I 100% agree. True winter tires (with the snowflake symbol) are your best bet for winter traction. 

Some tires, like the Copper AT3 (a fantastic tire that I run for the summer) give decent traction in weather near freezing but they do not perform well in the Alberta cold. 

I've run the Nokian WR series tires that were all weather (with the snowflake). They were a really good tire but did not last all that long. And expensive. I also ran the Cooper Discoverer M+S studded winter tires. There were really good and affordable. Only about $500 for a set of 4 studded. 

I had a quick look on Kijiji. This is just one set of winter tires I found in Calgary (with rims). They said they were on an x-trail so you should be able to swap them right on. Maybe get them balanced first ($20-40 to balance all 4).
https://www.kijiji.ca/v-tires-rims/calgary/4-goodyear-nordic-winter-tires-95-tread-left-on-steel-rims/1311054662?enableSearchNavigationFlag=true


----------



## chadn (Jan 28, 2010)

If you do decide to buy used tires, there are 2 things you need to check: (1) tread depth remaining and (2) date the tire was manufactured. 

(1) - most p-rated tires come with 12 or 13/32 tread depth. They should be replaced somewhere between 2 and 4/32 remaining. That means that 1/32 tread wear is 10% of the tire life. For example, if you see tires with 7/32 tread they are about 50-60% worn.

(2) tires age over time. especially winter tires. Make sure the tires are 2 or 3 years old at most. 


Here are a couple more options in Calgary.
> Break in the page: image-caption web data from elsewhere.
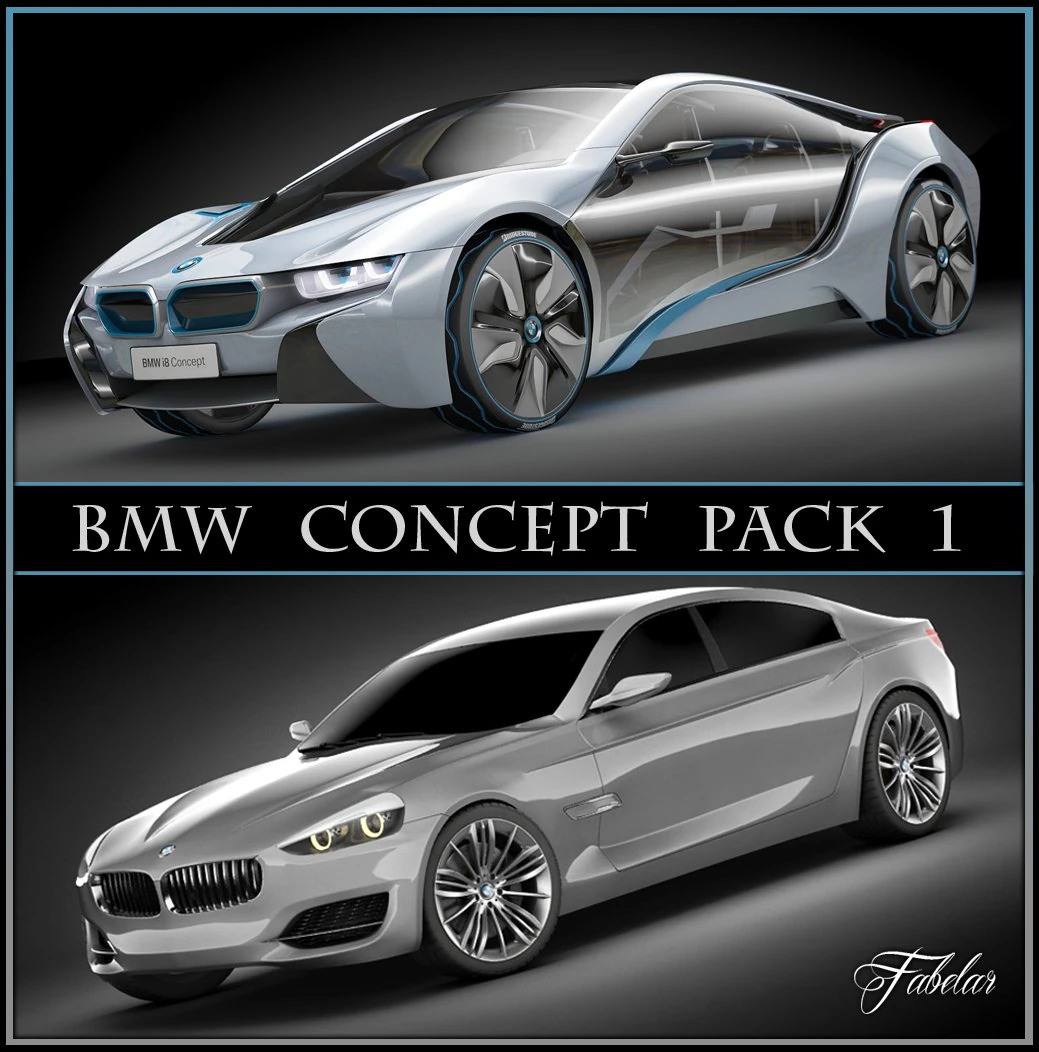 bmw concept pack 1 3D Model .c4d .max .obj .3ds .fbx .stl .blend 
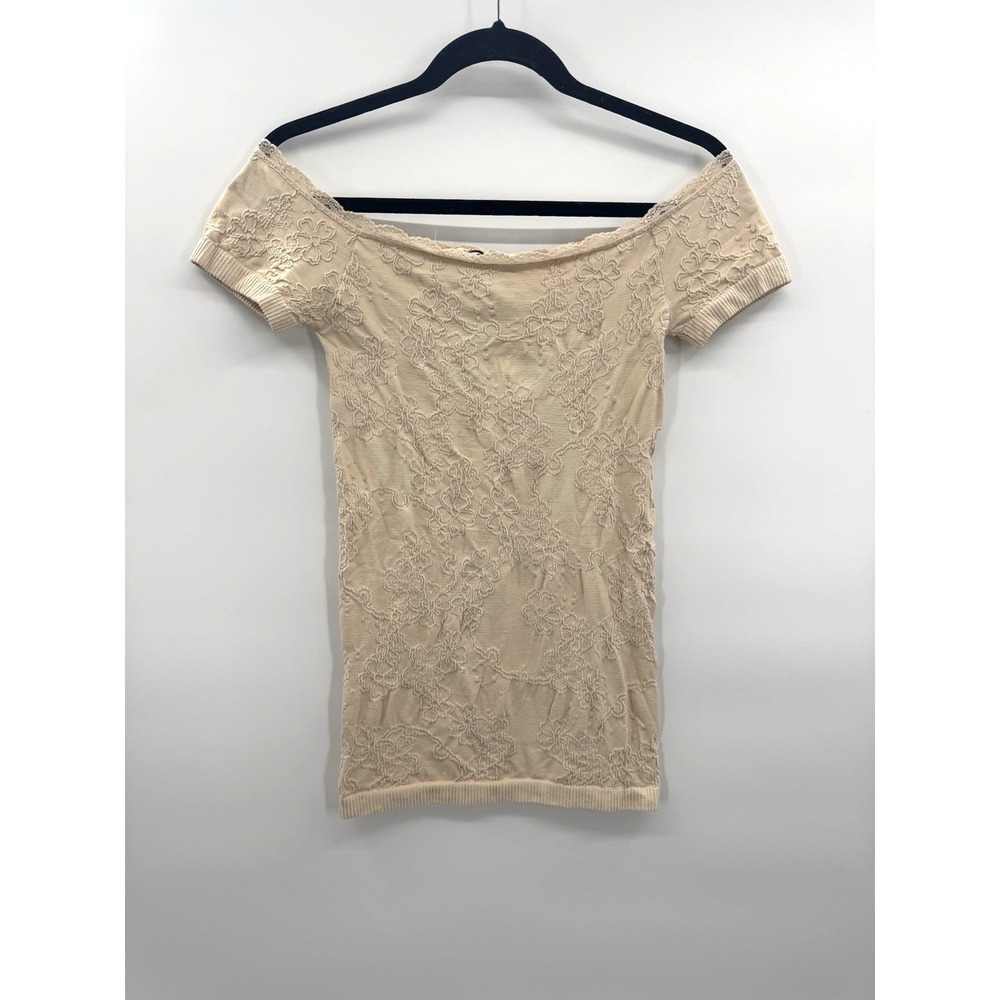 XXI VTG Y2K Top Medium Nude Off Shoulder Stretch Floral Slim Lace Retro Cottage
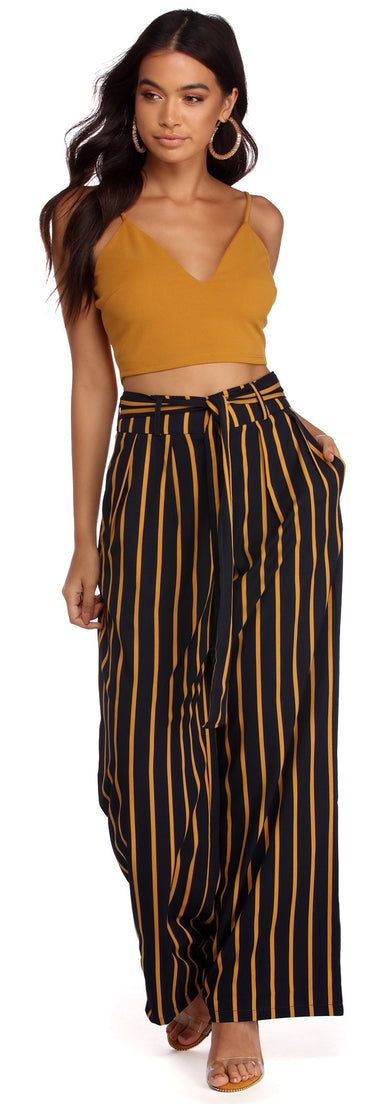 Step Out In Stripes Wide Leg Pants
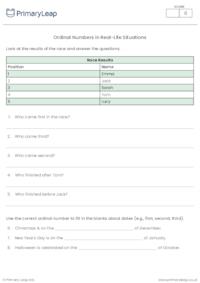 Ordinal Numbers in Real-Life Situations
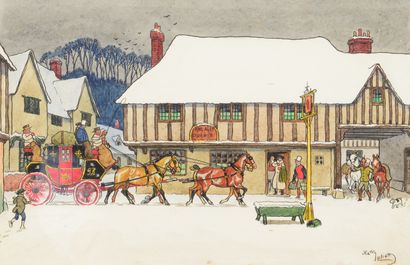 null Harry Eliott (1882-1959). Arrival at the Inn. Watercolor on paper signed lower...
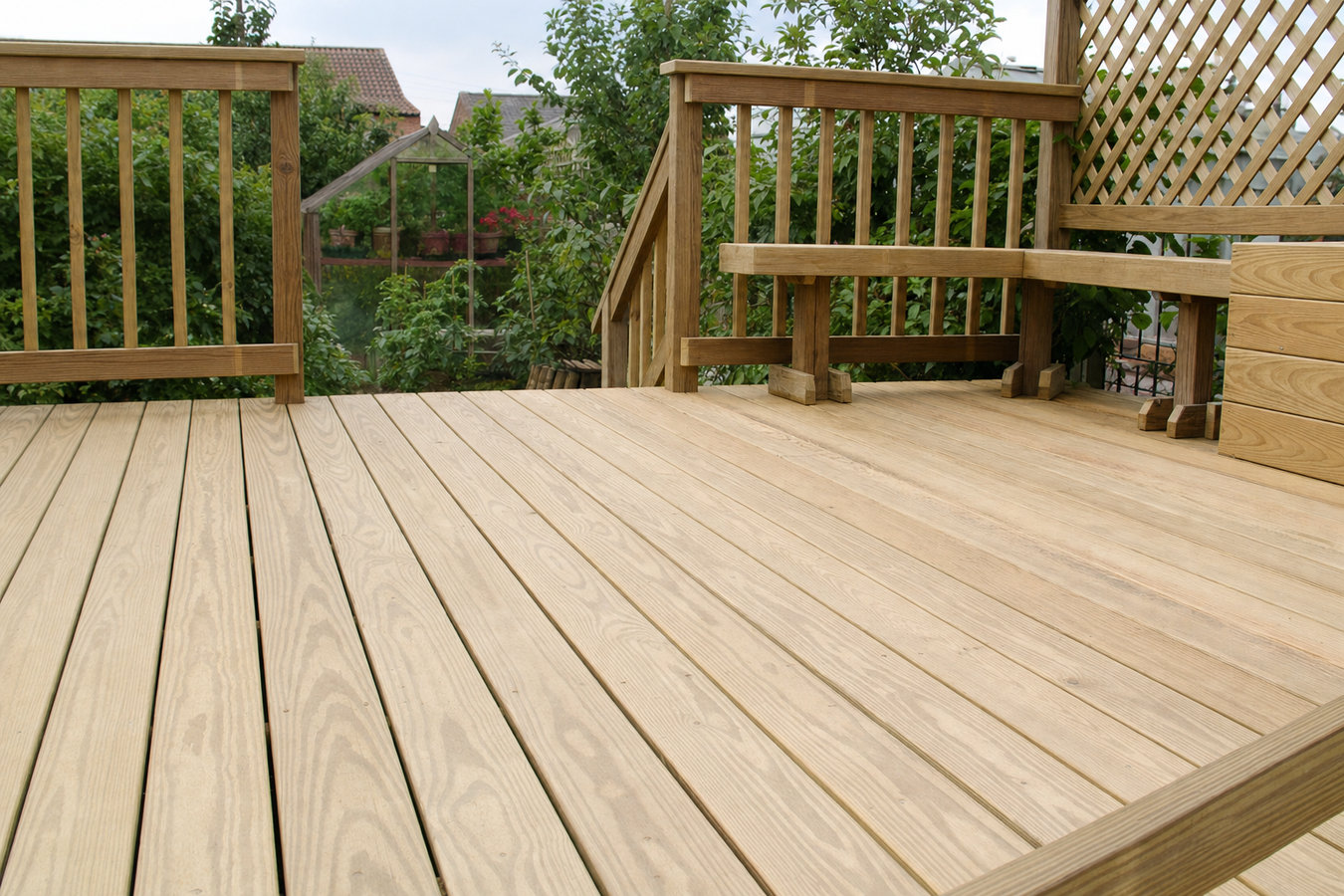 Pressure-treated wood deck construction in Carson, CA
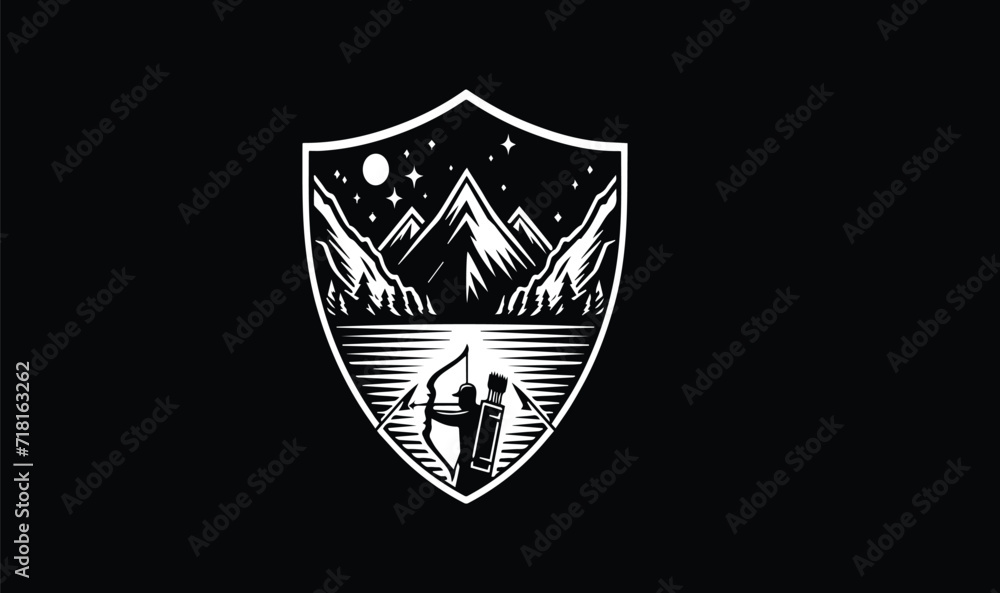 shield with wings and arrow mountain night water black and white background - obrazy, fototapety, plakaty 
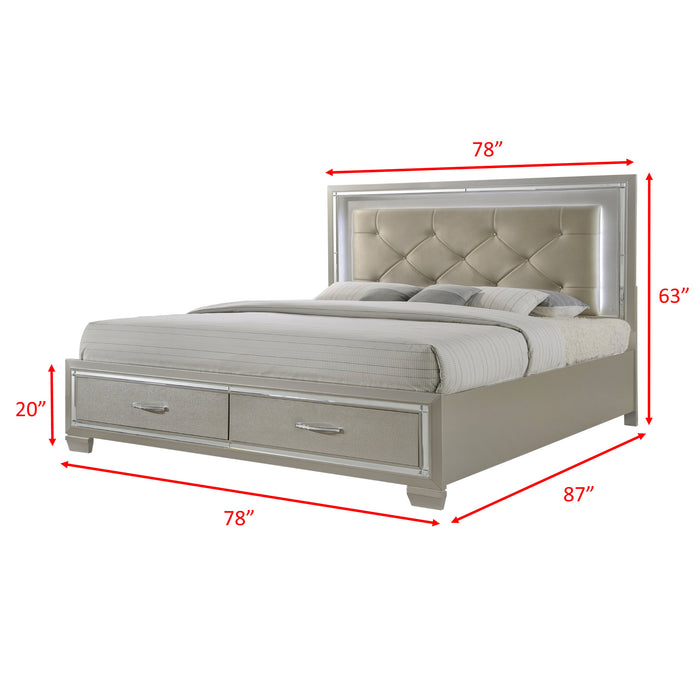 Platinum Platform Storage Bedroom Set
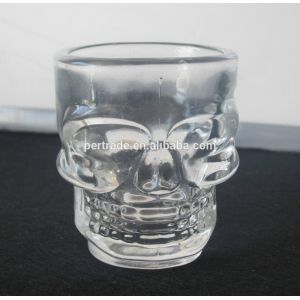 Quality Machine Made Embossed Skull 1.5 Oz Shot Glasses for sale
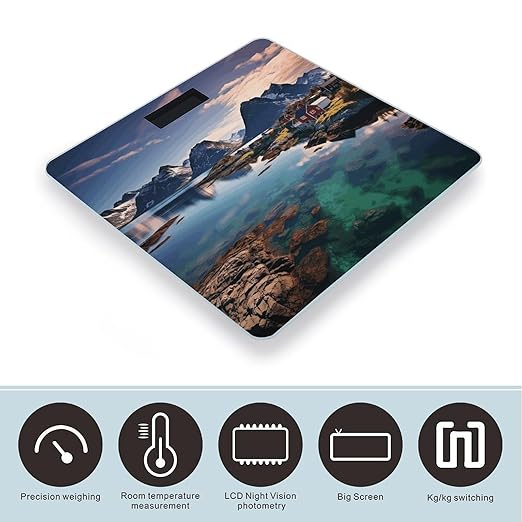 Norway IslandsScale for Body Weight with LCD High Precision Weighing Scales Fashion Sturdy Tempered Glass Weight Scales Easy-to-Read Digital Bathroom Scale for Daily 400lb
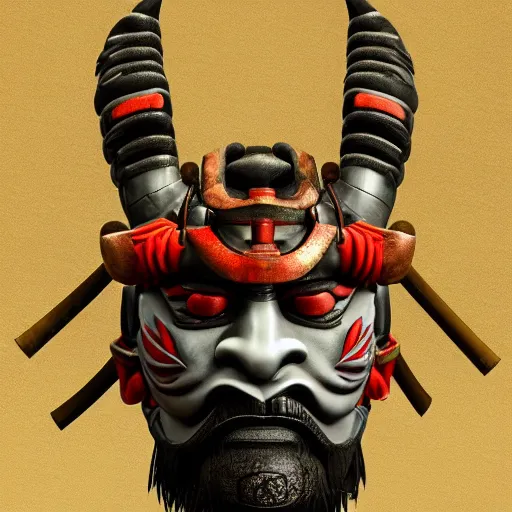 Image similar to portrait of samurai wearing oni mask , 8k, photorealistic, cinematic lighting, HD, high details, dramatic, atmospheric , trending on artstation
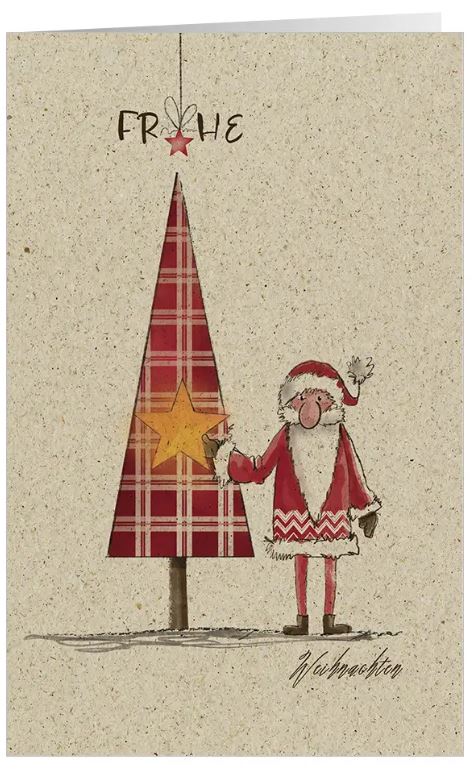 Humorvolle Weihnachtskarte aus Graspapierkarton "Karomuster" mit Weihnachtsgruß und Weihnachtsmann am Baum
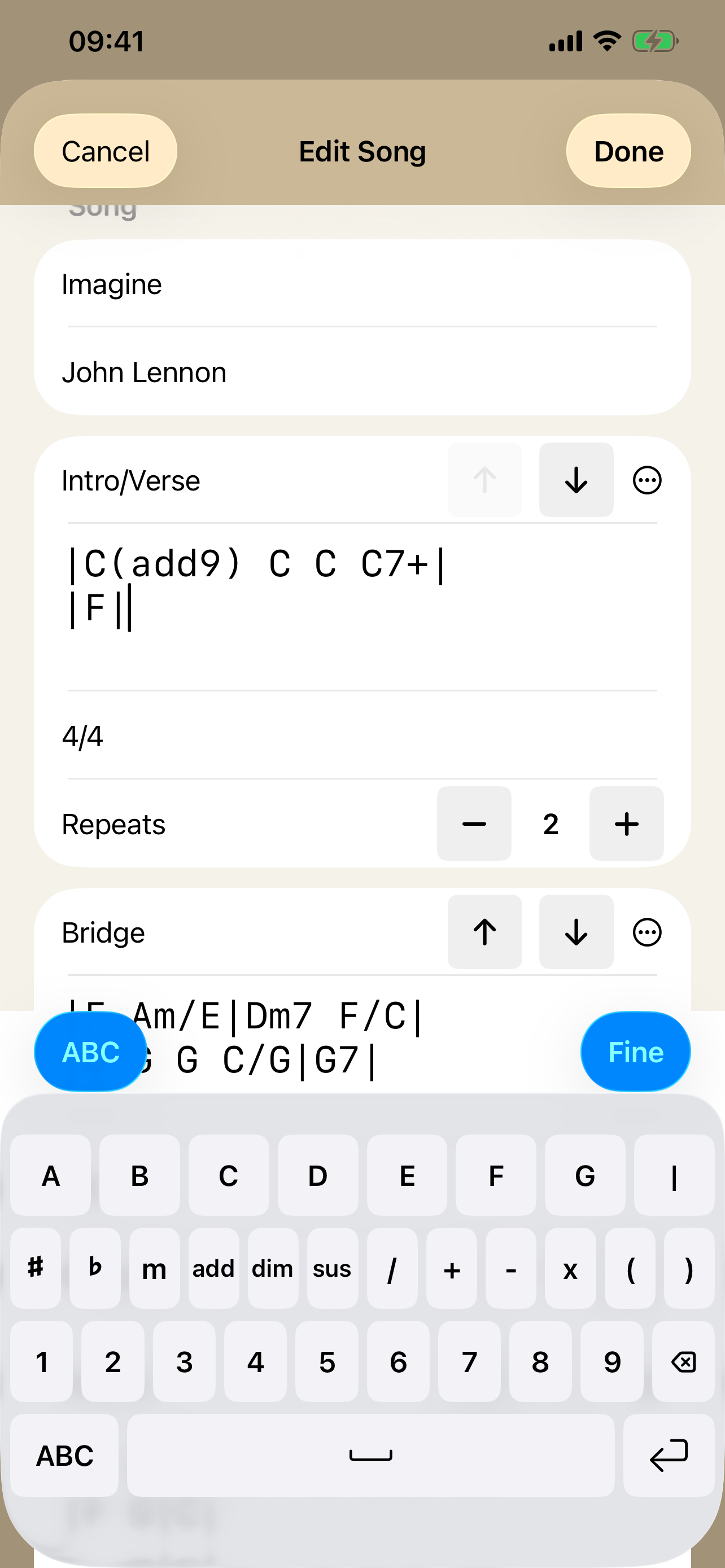 Editing a chord chart with PocketSongbook's dedicated chord-entry keyboard on iPhone
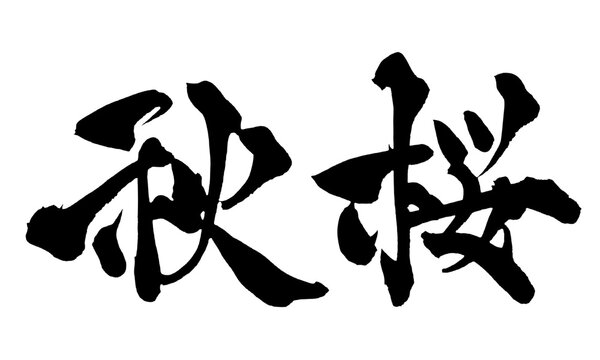 秋桜 Cosmos Flower Japanese Calligraphy 筆文字 手書き 書道 毛筆 墨文字 ベクター 日本語 和風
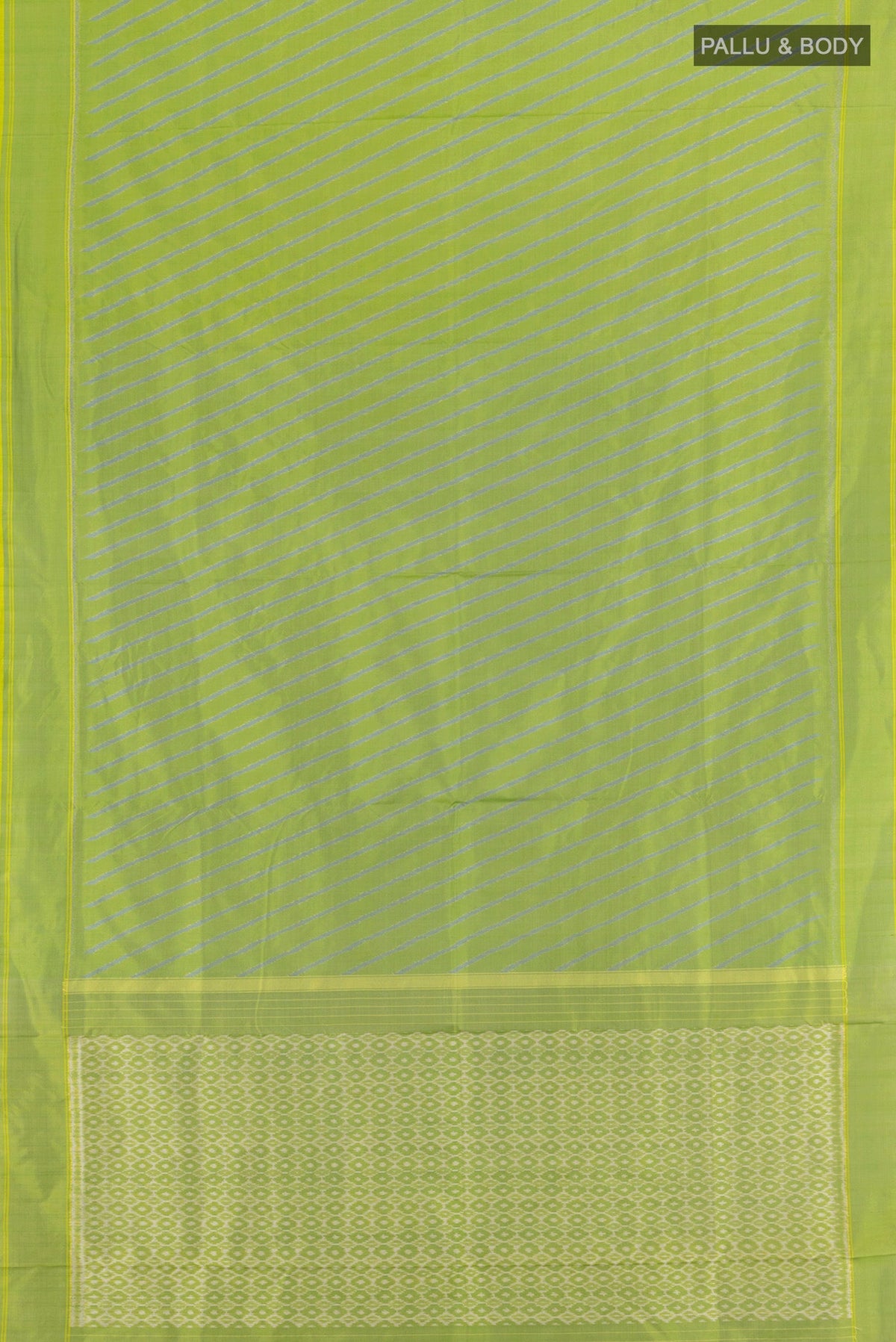 Flat view of Light Green Pochampally Silk Saree with Ikat design on the body and Plain Border. 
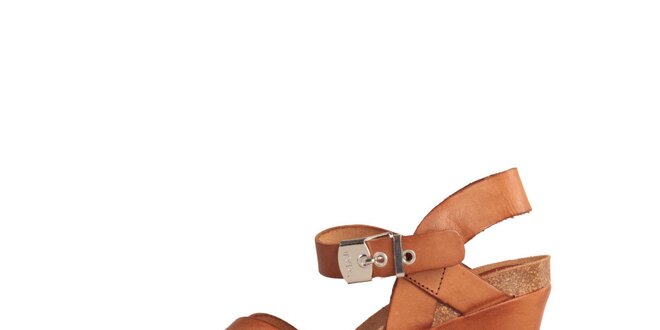 Dámské karamelově hnědé kožené sandále na klínku Dr. Scholl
The Nokian Hakkapelliitta is probably the best winter tire out there. These come with rims that should fit the x-trail.
https://www.kijiji.ca/v-tires-rims/calgary/4-nokian-winter-tires-on-5x114-3-wheels-95-like-new215-65r16/1310895225?enableSearchNavigationFlag=true

Nokians again. Price seems a bit high. And no rims.
https://www.kijiji.ca/v-tires-rims/calgary/215-65r16-nokian-hakkapeliitta-7-studded-winter-tires/1310266223?enableSearchNavigationFlag=true

Another option:
https://www.kijiji.ca/v-tires-rims/calgary/4-toyo-winter-tires-215-65r-16-with-rims-5x114-3-bolt-pattern/1307136722?enableSearchNavigationFlag=true


----------



## X-hale (Apr 17, 2017)

I just bought Nokian Hakkapeliitta 7 from https://www.discounttiredirect.com/ in 225/60/16 for CAD $108 ea. I have a US address and was able to get the $100 USD rebate offered. I have all my US stuff shipped to The UPS Store just across the border in New York State.
I know narrower is better for snow tires but this was the only size available for the last couple of months. I can see why for the price they are selling them.


----------



## quadraria10 (Jul 6, 2010)

That was quite the deal for the Nokians X Hale. Congrats on scoring those. I use 225 55 17 Geolandars summers, and 215 60 17 Blizzaks these days for winter, both on nissan alloy rims. 225 60 16 probably feels great. I once tried 225 60 17 and disliked them so much sold them at a loss two weeks later.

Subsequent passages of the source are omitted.